Cruzaban tantas cosas por su cabeza. 

Tantas. 

Pero la más importante retumbaba como las batacas de un tambor tribal, en su cráneo, con voz propia. Adormecido por el sonido implacable, cerró los ojos, empuñando la daga y colocándola a la altura de las costillas de su prima, a quien dentro de poco tendría que sobajar. Una vez más, una vez como había visto a su padre hacer tantas veces. 

El último ruego salió de entre sus labios como una tortura, cortando a su paso la tráquea, la faringe, todo su aparato fonador. Era como si la voz saliente no le perteneciera, como si estuviera en otra parte y su cuerpo se hubiese tornado un aspecto intangible de su existencia. 

De la nada, se vio a sí mismo exigiéndole a Poppy que se recostara en la cama. 

—La sangre virginal de una bruja te devolverá la vida —había dicho su padre antes de que llegasen todos. 

Al principio, Duncan no se lo hubiera creído, pero vio a Poppy masacrar a todos esos sujetos, a gente que nunca había visto pero que recordaba vagamente de alguna reunión diplomática. Eran personas que se escurrían entre sus memorias como el aspecto más doloroso de un rcuerdo. Igual que la muerte de su madre, igual que la muerte de...

Por favor... Quiso suplicar. 

En cambio, hundió apenas el filo de la daga. 

Apenas y tenía fuerzas. Y al final de ese resquicio de convicción, cuando sintió el pequeño impulso de echarse a llorar por todos esos amores infructuosos que había tenido, por esas mujeres que, presas de la maldición del amor, habían caído en la telaraña de su familia; fue como añorar un paraíso y a la vez conocer que, su destino, era el infierno. 

No quería morir. 

Poppy se resitió y se dio la vuelta, nada amendrentada con el conocimiento de que Dune había elegido vivir y para eso tendría que quitarle algo sagrado.
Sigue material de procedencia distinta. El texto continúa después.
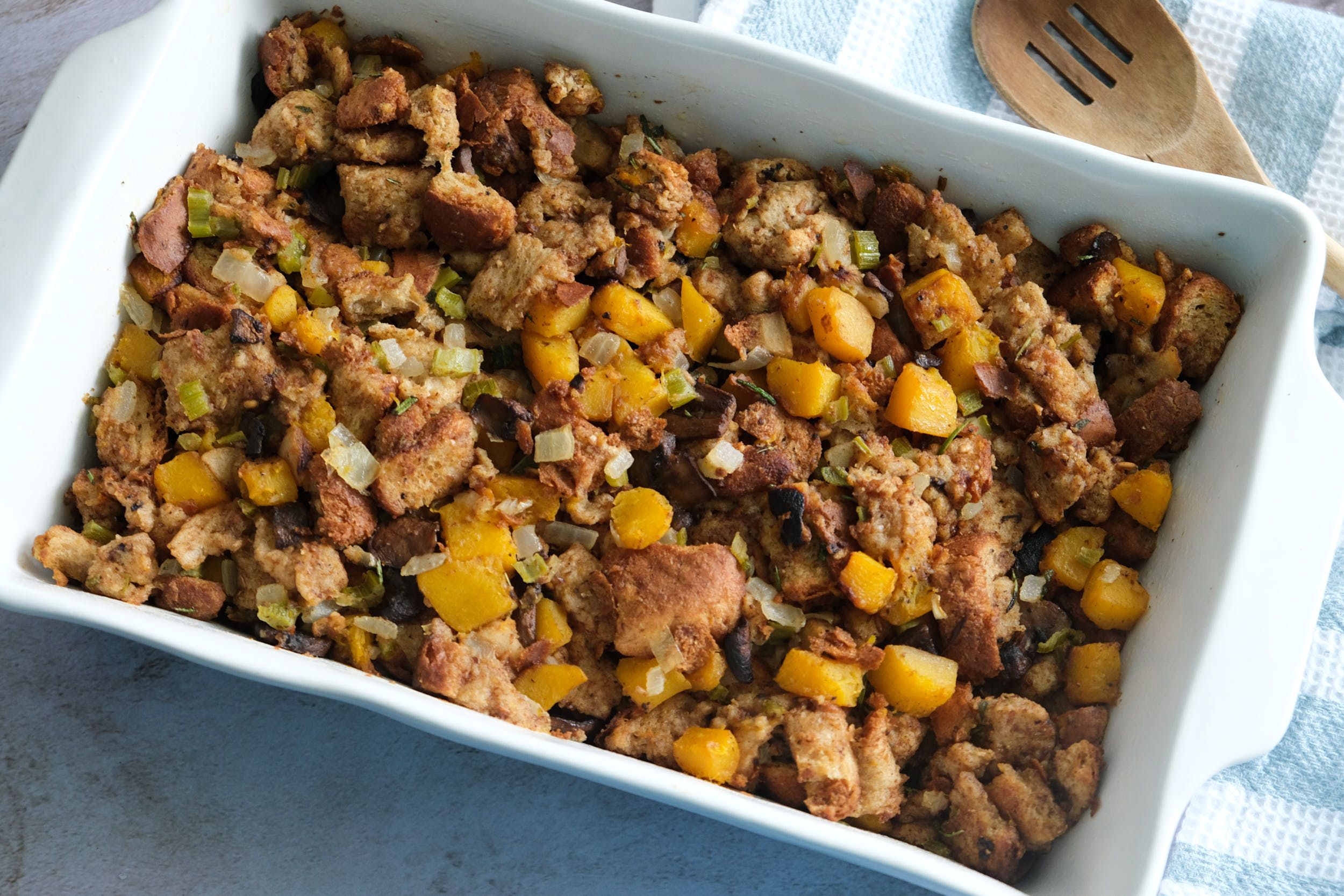 top down view of butternut squash stuffing in casserole dish with a wooden spoon on the side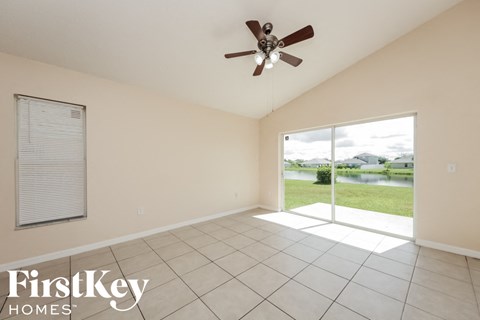 a living room with a large window and a ceiling fan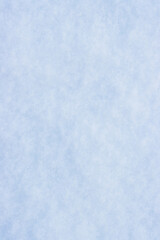 Natural snow texture. Smooth surface of clean fresh snow. Snowy ground. Winter background with snow patterns. Perfect for Christmas and New Year design. Closeup top view. Soft blurred background.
Su cuerpo podría, literalmente, significarlo todo para ella. La virginidad era el símbolo que, a través de los años, las brujas cuidaban hasta que se sabían en la capacidad de procrear, hasta conocer que era momento de continuar su linaje. A decir verdad, no eran muy diferentes. 

Forcejearon. Dune apenas sentía los movimientos, entumecido por el cáncer y la culpa. 

Algo se rompió afuera y dentro de él, como los huesos, y el sonido del viento pitó en sus oídos. Se le clavaron vidrios en los brazos y el golpe de una madera fue todo lo que alcanzó a distinguir. Abrió la palma para sujetarse del alféizar, sin éxito y la última imagen de Poppy Adie se quedó grabada con fuego en su mente. 

Dune escuchó el estruendo de sus huesos rompiéndose en el interior. Algo duro amortiguó sus movimientos y, de la nada, ya no escuchaba el siseo de su flujo sanguíneo. Estaba sordo, mirando el cielo encampotado, la niebla descender, el infierno rodeándolo. 

Un hombre se acuclilló a su lado. No se podía mover. Ni siquiera sentía nada. 

Intentó suspirar. Pero no hubo más aire en sus pulmones.